An anonymous reader writes: Mozilla today launched Test Pilot, a program for trying out experimental Firefox features. To try the new functionality Mozilla is offering for its browser, you have to download a Firefox add-on from testpilot.firefox.com and enable an experiment. The main caveat is that experiments are currently only available in English (though Mozilla promises to add more languages "later this year"). Test Pilot was first introduced for Firefox 3.5, but the new program has been revamped since then, featuring three main components: Activity Stream, Tab Center and Universal Search. Activity Stream is designed to help you navigate your browsing history faster, surfacing your top sites along with highlights from your browsing history and bookmarks. Tab Center displays open tabs vertically along the side of your screen. Mozilla says Universal Search "combines the Awesome Bar history with the Firefox Search drop down menu to give you the best recommendations so you can spend less time sifting through search results and more time enjoying the web."

2 of 53 comments (clear)

  1. Re:firefox haiku by serviscope_minor · · Score: 4, Insightful

    Simplify or die.

    a) It's an addon, so it won't be there unless you install it.
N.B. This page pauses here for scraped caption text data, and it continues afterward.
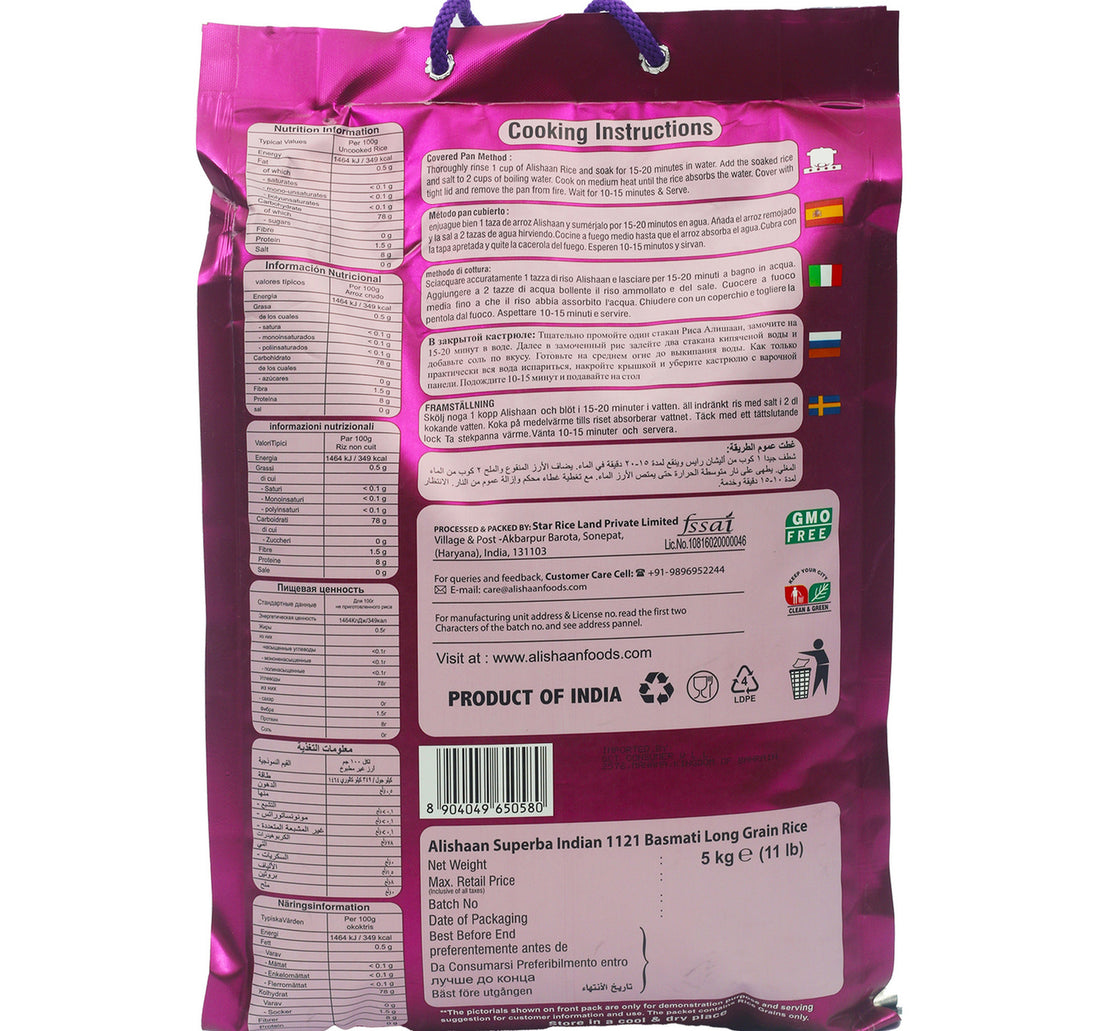Alishaan Superba Indian Basmati Rice 1121 5 kg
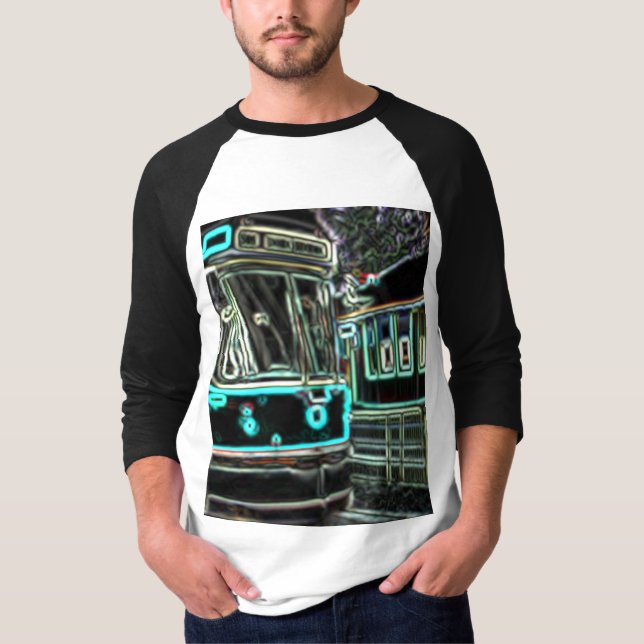 CLRV Neon at stn Men's 3/4 Sleeve Raglan T-Shirt (Front)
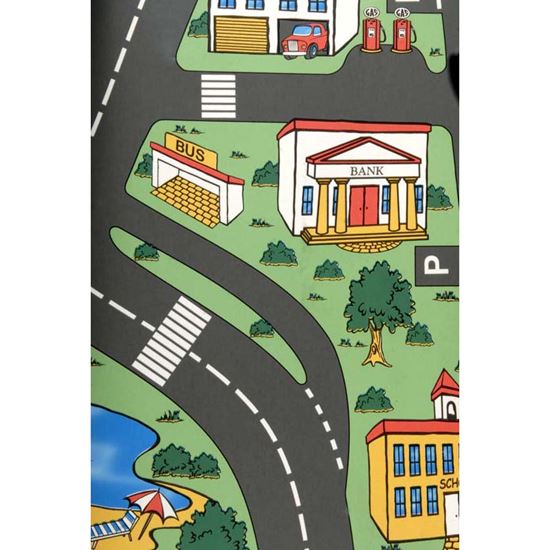 Immagine di PAVIMENTO CUSHIO, IN PVC MULTISTRATO, CON FIBRA DI VETRO, DISEGNO GOFFRATO, SPESSORE 3 MM, H 2 MT, DISEGNO TRAFFIC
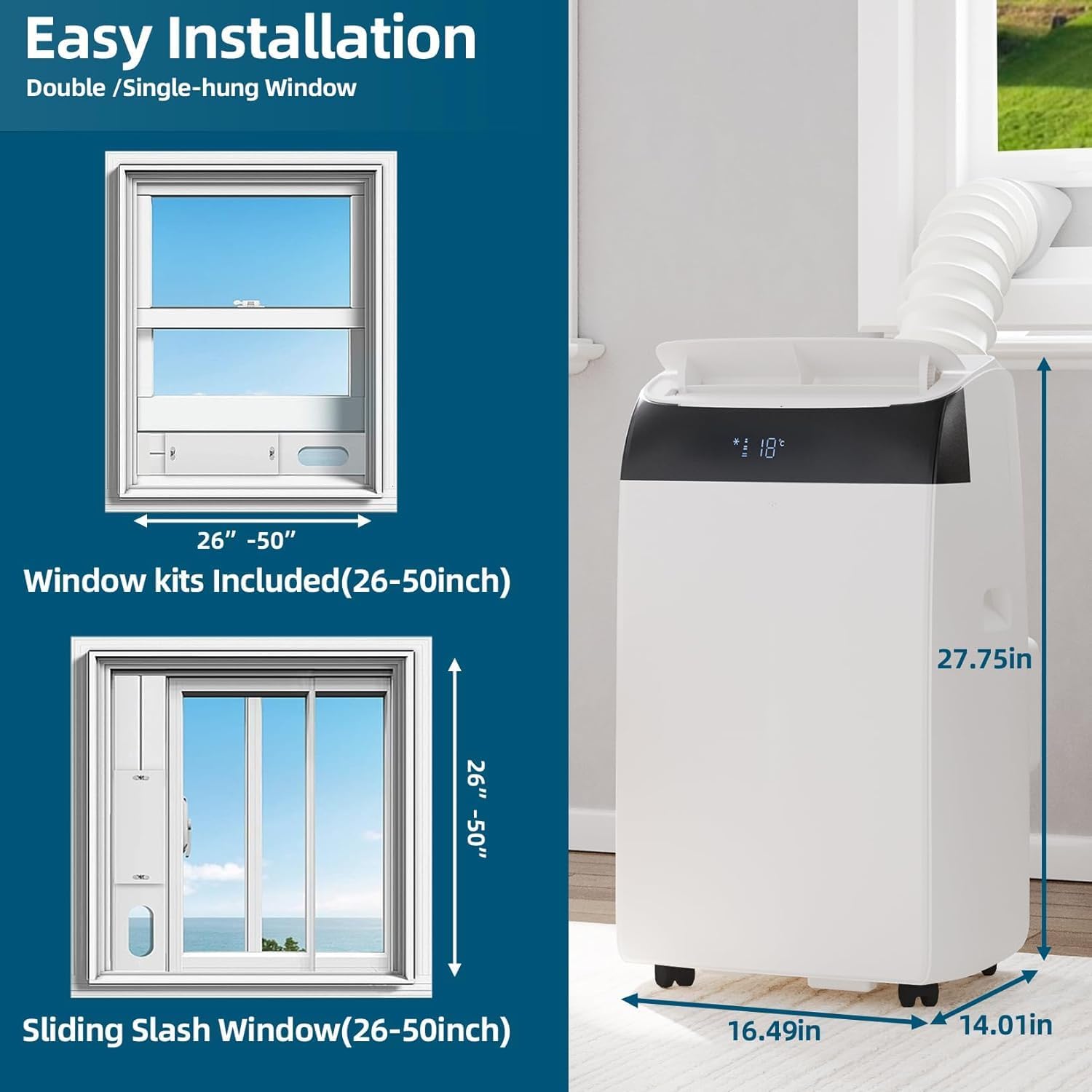 14000 BTU Portable Air Conditioner for Room Up to 750 Sq.Ft with Remote Control, 3-in-1 Cooling AC Unit with Fan & Dehumidifier & Heat Function, Energy Saving, Smart/Sleep Mode, 24H Timer, Auto Swing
    b) Every time they remove a feature from the main firefox people whine horrendously here too. So which is it? should they listen to the slashdotters who whine horribly when features are removed or should they listen to the slashdotters who whine horribly when features aren't removed?

    --
    SJW n. One who posts facts.
  2. Re:Too late Firefox by Anonymous Coward · · Score: 5, Insightful

    No thank you. Firefox is losing far more functionality than many are comfortable with. We don't need another fucking Chrome/Chromium clone. There are too many already. I use firefox not because it is the fastest browser, but because it is the most powerful and most flexible. And people like you are driving it into the shit-heap of history.

    If we focus on speed and ordinary consumers, then Firefox will never win. After all, it's competition for that market is a pair of massive corporations who control the default experience of a huge chunk of users. If you compared what Google can get for free in advertising to Mozilla's budget, I bet you that what Google would charge for equivalent pushing (Featuring it on the google homepage, suggesting it on most search results, and on every translation) exceeds the amount of money Mozilla has available to it for the entire operations of Mozilla. Edge is much the same. Pre-installed on most new computers. The default browser.

    You need to have a feature set which justifies switching. Half a percent more speed isn't that feature. Things like being the most extensible browser, being the only one which doesn't track users for the benefit of massive corporations. Things like being customizable beyond just what color your icons are, and what BG image you use. Those might not get most people, but it will bring in the people who want those things. Most of whom are the techies who will install it on computers for themselves, their family, their company. Who will support open source and the Mozilla foundation. Not people who say "The internet is broken" when IE gets deleted from the desktop.